G7 finance ministers and central bankers are meeting in Paris on Monday and Tuesday in what has become an emergency coordination session driven by the economic consequences of the prolonged Strait of Hormuz closure. Eurogroup President Kyriakos Pierrakakis said ahead of the meeting that "opening the Strait of Hormuz and bringing the conflict to a lasting end are of the utmost importance in mitigating the impact on the economy," adding that "the global economy will feel the pressure, even if the conflict is resolved swiftly." Long-term borrowing costs have surged across all G7 economies: the U.S. 30-year Treasury yield closed above 5% on Friday; the U.K. 30-year gilt is at a 28-year high; and Japan's Bond Market is seeing moves not recorded since the late 1990s. Brent crude is up 74% year to date. The IEA has warned that higher prices for oil and fuel are likely ahead of peak summer demand, with global inventories approaching critical levels. The G7 meeting is the first formal multilateral institutional response to a crisis that has so far been managed bilaterally.

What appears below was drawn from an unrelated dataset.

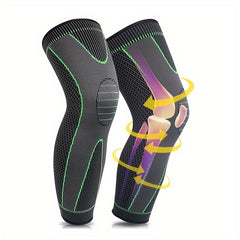 2PCS Soft Breathable Cycling Knee Pads for Men Women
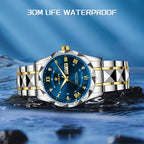 BANGWEI Elegante Luxus Quarz Damenuhr Mode Klassisch Einfach Edelstahluhren Automatisches Datum Wasserdicht Diamant Damen Armbanduhr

  • New Fed Chair Kevin Warsh is attending as the U.S. representative, making this his first major multilateral engagement; any public remarks on the rate path or inflation outlook will be closely scrutinised by bond markets.
  • The Sunday drone strike on the UAE's Barakah nuclear power plant directly precedes the G7 meeting, adding acute urgency to what was already a structurally critical gathering.
  • Risk note: G7 communiques are non-binding; the risk is that the meeting produces coordinated language without coordinated action, reinforcing rather than resolving market uncertainty about the inflation and rate trajectory.
  1. Equity Markets: S&P 500 Futures Fall as Post-Summit Euphoria Fades; Five Simultaneous Risk Events Define the Week Ahead

U.S. stock futures are lower Monday morning after the S&P 500 shed 1.24% Friday to close at 7,408.50, the Nasdaq fell 1.54% to 26,225.14, and the Dow lost 537 points to 49,526.17, ending the week below the record highs logged Thursday. The selloff was led by technology and semiconductor stocks: Intel fell more than 6%, AMD and Micron lost more than 5%, and Nvidia dropped 4.4%. Post-summit disappointment, rising Treasury yields, and Crude Oil above $110 drove the risk-off move. Despite Friday's Reversal, the S&P 500 remains up more than 12% in 2026. The week ahead is the structurally dense: Nvidia earnings Wednesday, FOMC minutes Wednesday, Walmart Thursday, Samsung strike beginning Wednesday, and the G7 Paris meeting concluding Tuesday.

  • The Empire State Manufacturing Index for May jumped to 19.6 from 11.0 in April, well above the 6.2 consensus estimate, signaling resilient industrial activity despite macro headwinds.
  • JPMorgan Private Bank released its 2026 midyear outlook Monday, stating the AI supercycle "may just be getting started" and recommending semiconductor supply chain, networking equipment, and power infrastructure as the most fundamentally attractive areas of the market.
  • Risk note: the combination of elevated valuations, 51% rate hike probability, oil above $110, a drone strike on a nuclear facility, and five simultaneous risk events this week creates an asymmetric setup where downside surprises carry disproportionate market impact.